----- Extracted information

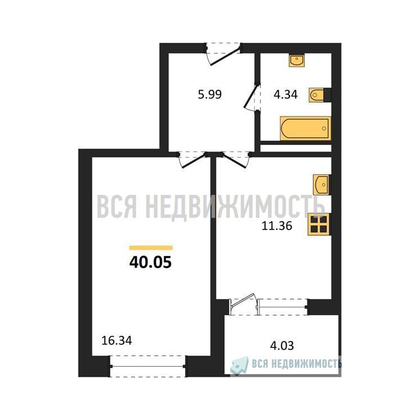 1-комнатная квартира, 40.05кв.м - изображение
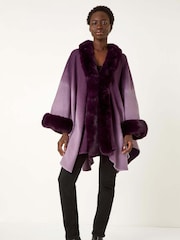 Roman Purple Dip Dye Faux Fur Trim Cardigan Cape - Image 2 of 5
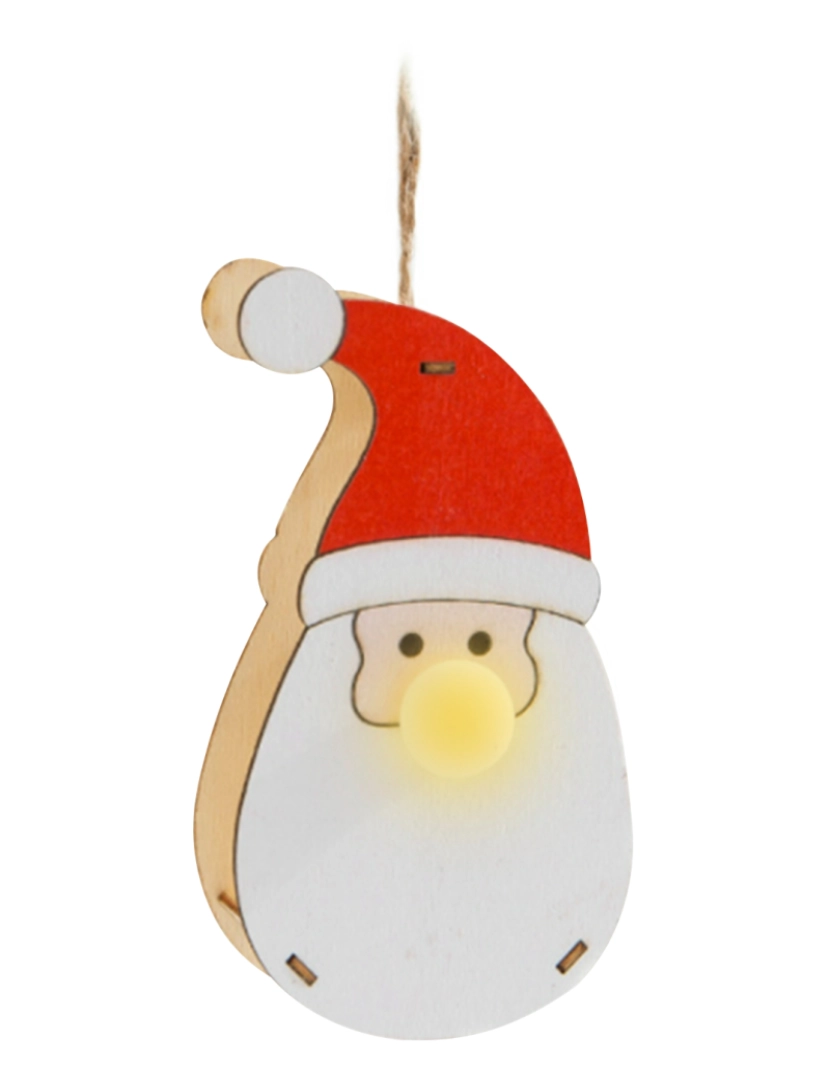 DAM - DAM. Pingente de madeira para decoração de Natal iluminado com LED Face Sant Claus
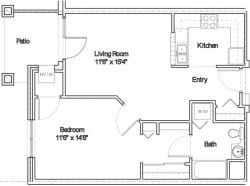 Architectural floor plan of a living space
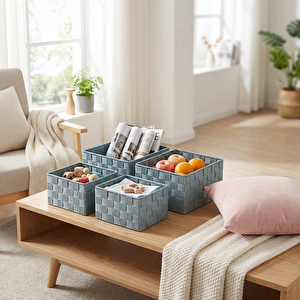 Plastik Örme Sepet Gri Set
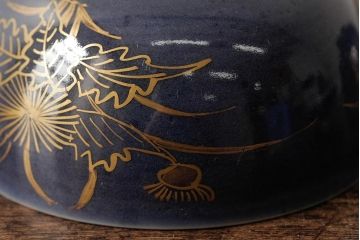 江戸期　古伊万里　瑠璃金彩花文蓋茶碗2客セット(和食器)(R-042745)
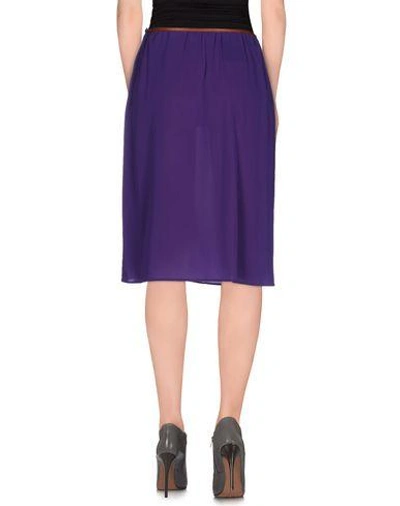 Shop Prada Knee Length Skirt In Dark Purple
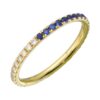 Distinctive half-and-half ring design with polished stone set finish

----------

▶ [Work request]: The reply needs to repeat exactly the line containing "Shop Prada Knee Length Skirt In Dark Purple" and each line after it, through the final line of the entries above, and to skip the pictures.

▶ [Answer section]:
 Shop Prada Knee Length Skirt In Dark Purple
 Distinctive half-and-half ring design with polished stone set finish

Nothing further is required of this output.